What exactly do you want to do?

I’ve found that one thing that can really help with achieving a fitness goal is to be quite specific when setting it. This may seem obvious, but it is a very important first step, as we can only measure our success if we first define what success is. I often hear “I want to lose weight”, which is a fine goal, but how much? By when? Answering these questions really help frame our exercise and put each day into context. Rather than saying “I want to lose weight”, putting it this way would be better:

“I want to lose 5 pounds by the end of next month.”

This gives a specific number to work towards, and a time frame. Even if you fail to meet your goal, it’s good to have a time set on it so that you will have a specific occasion to reassess. So, the next time you think of a fitness goal, remember: be specific.

Slow and Steady

Something I’ve seen my whole life across all age ranges when it comes to exercise is people who try to do too much too fast. This can lead to burn out, discouragement, and general frustration. It is very important to set realistic and achievable goals. Saying “I want to increase my squat by 100lbs this month” is not within reach of most of the human population. Setting such a strength goal in a more reasonable range, 10-15 lbs, is much more realistic.

Similarly, exercise has a lot of great health benefits, but too much can be a very bad thing. Working out too many times in a week, or for too long at a time can be detrimental. The line of excess is in a different place for every person, but it is extremely important to give the body adequate rest from training in order to allow recovery. If you do not, then you will break yourself down faster than you can build yourself up.

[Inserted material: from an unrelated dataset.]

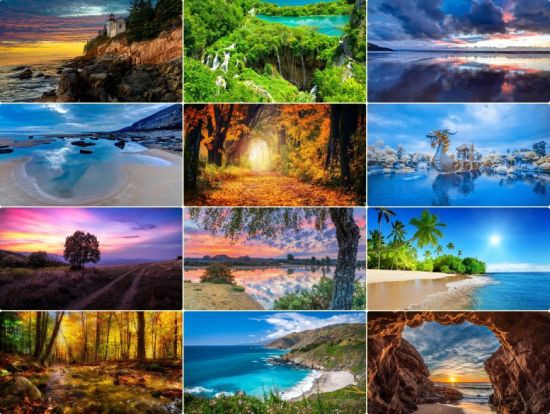 4k UHD Wallpapers #237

I recommend a slow and steady approach. Fitness is a journey and it is very important to look at the big picture. It’s not about where you are next week or even next month, but about where you are next year, or even in five years. Think of exercise as an investment in yourself and make decisions that slowly work to improve your situation one step at a time.

 

Something is always better than nothing

It’s happened to all of us. You had the best of intentions but something came up at the last minute and kept you from exercising. Sickness, bad weather, visiting family, a holiday, a busy work schedule, indigestion…the list of issues can be miles long and they can all make perfect sense. When life gets in the way, it is important to remember that something is always better than nothing. You can always do something that day that will help you toward your goal.

Too busy to make it to the gym? Walk around your house or up and down the stairs.

Feeling too tired for exercise? Make healthy choices at meals.

Stuck at work? Try standing at your desk.Late to the gym? Just do what you can in the time you have.

Every situation is different, but the principle is still the same: you can always do something, and making the attempt will help you reinforce the habit. The next time life gets in the way, look at it as a new challenge to overcome. Even if you cannot get a full workout, just getting in a few minutes of something still helps you take a few more steps toward your goal. Framing it this way can help misfortune look like a challenge, and finding a creative solution can be fun.

Whatever it is that you are trying to accomplish, I hope that this review reminds you of some helpful tips on how to get there.